Marquez: MotoGP sprint race risk “more or less the same” as normal grand prix

Marc Marquez says a true judgement on MotoGP’s sprint race will have to wait a few rounds, but feels the aggression level “was more or less the same” as normal.

Marc Marquez, Repsol Honda Team

Saturday at the 2023 Portuguese Grand Prix saw MotoGP stage its first ever sprint race, with Ducati’s Francesco Bagnaia winning the 12-lap contest as poleman Marquez completed the podium.

Several riders were critical of the riding aggression seen in the sprint race, with Yamaha’s 2021 champion Fabio Quartararo calling the contest “a jungle” and warning “a big crash” will happen soon if it continues.

But Marquez – who has been an advocate for sprint races since it was announced last August – says the level of aggression for the shortened race should have come as no surprise given what is typically seen when a grand prix is red-flagged and restarted.

The Honda rider also feels the Portugal sprint may not be replicated in the next rounds because every rider was dialled into the circuit following two days of testing at the track earlier this month.

“I mean, about the sprint race, when they propose the sprint race it’s for that [for it to be a more attacking race],” Marquez said.

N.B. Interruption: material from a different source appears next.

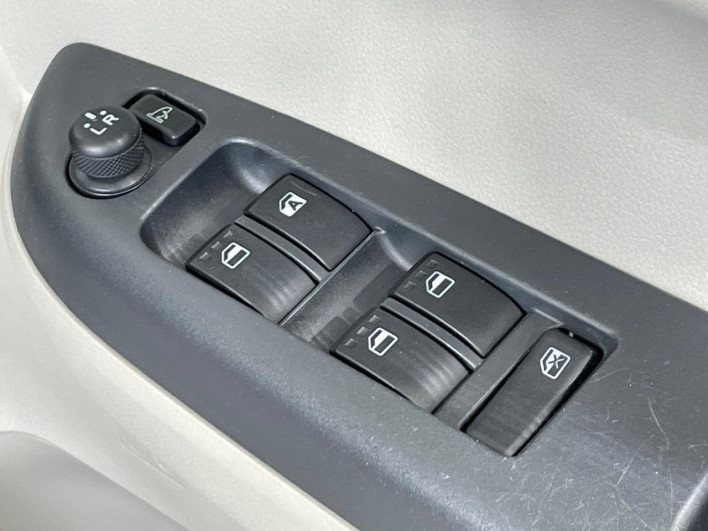 2018 Toyota Passo DBA-M700A (UW-69fea44b65914)[23]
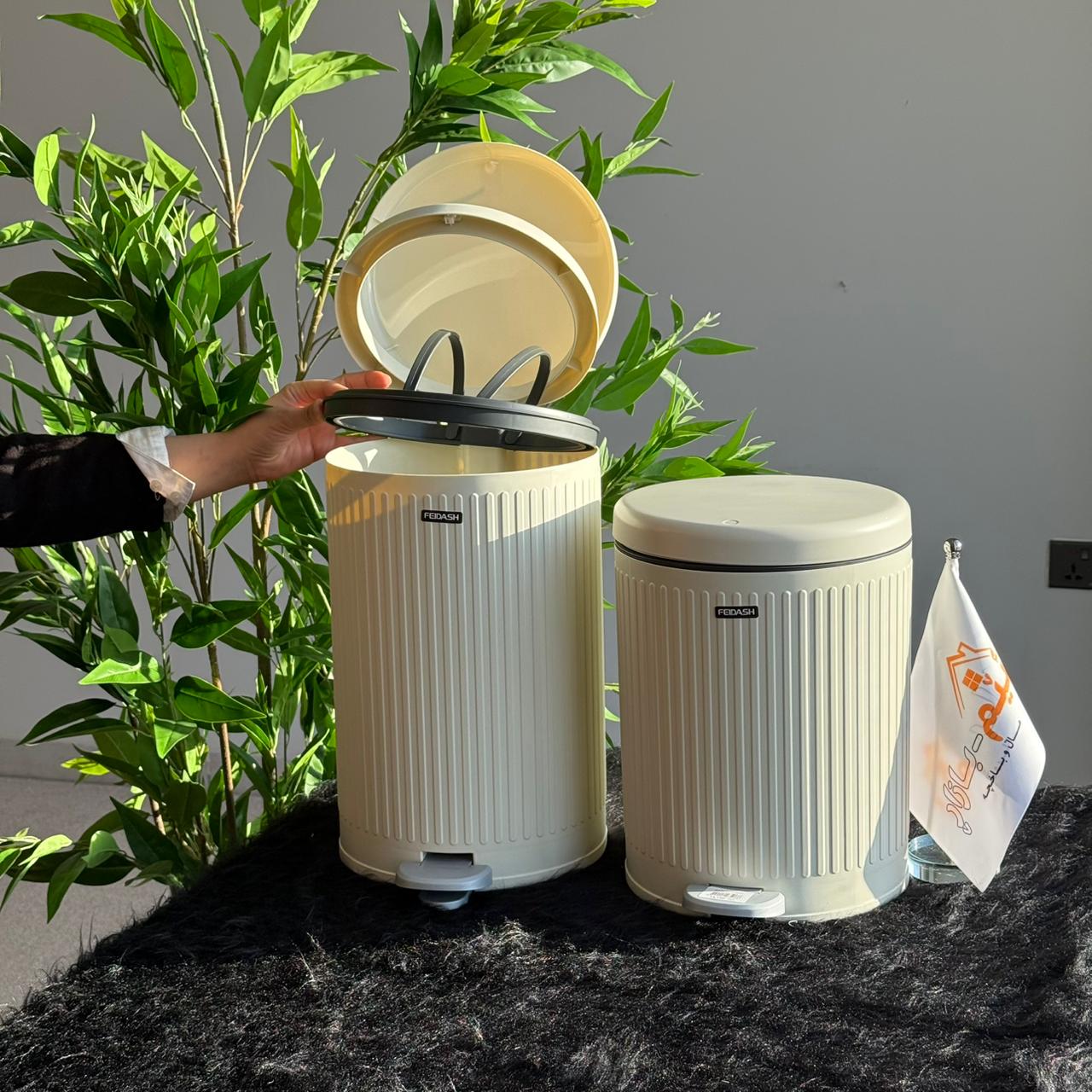 دواسة مزدوجة الحركة وصندوق قمامة ضغط – مقاسين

“It’s not necessary to have the first sprint race to realise that everyone will attack, like when we have a red flag in the long race.

“But especially in this circuit, we need to wait more for the other circuits. Here, we have a very similar pace to everybody because of the test, [we’ve all done] many laps in this circuit, everybody is in the perfect way.

“So, let’s see. But we are taking a lot of risk during all the weekend, because the last 15 minutes of FP2 is a qualy, then another qualy, then the sprint race, then tomorrow the long race.

“So, we will see. Of course, today I was a bit calm.

Jorge Martin, Pramac Racing, Francesco Bagnaia, Ducati Team, Marc Marquez, Repsol Honda Team

Jorge Martin, Pramac Racing, Francesco Bagnaia, Ducati Team, Marc Marquez, Repsol Honda Team

Photo by: Gold and Goose / Motorsport Images

“At the start I was aggressive, but then calm because my position was better than what I expected and main target was top five.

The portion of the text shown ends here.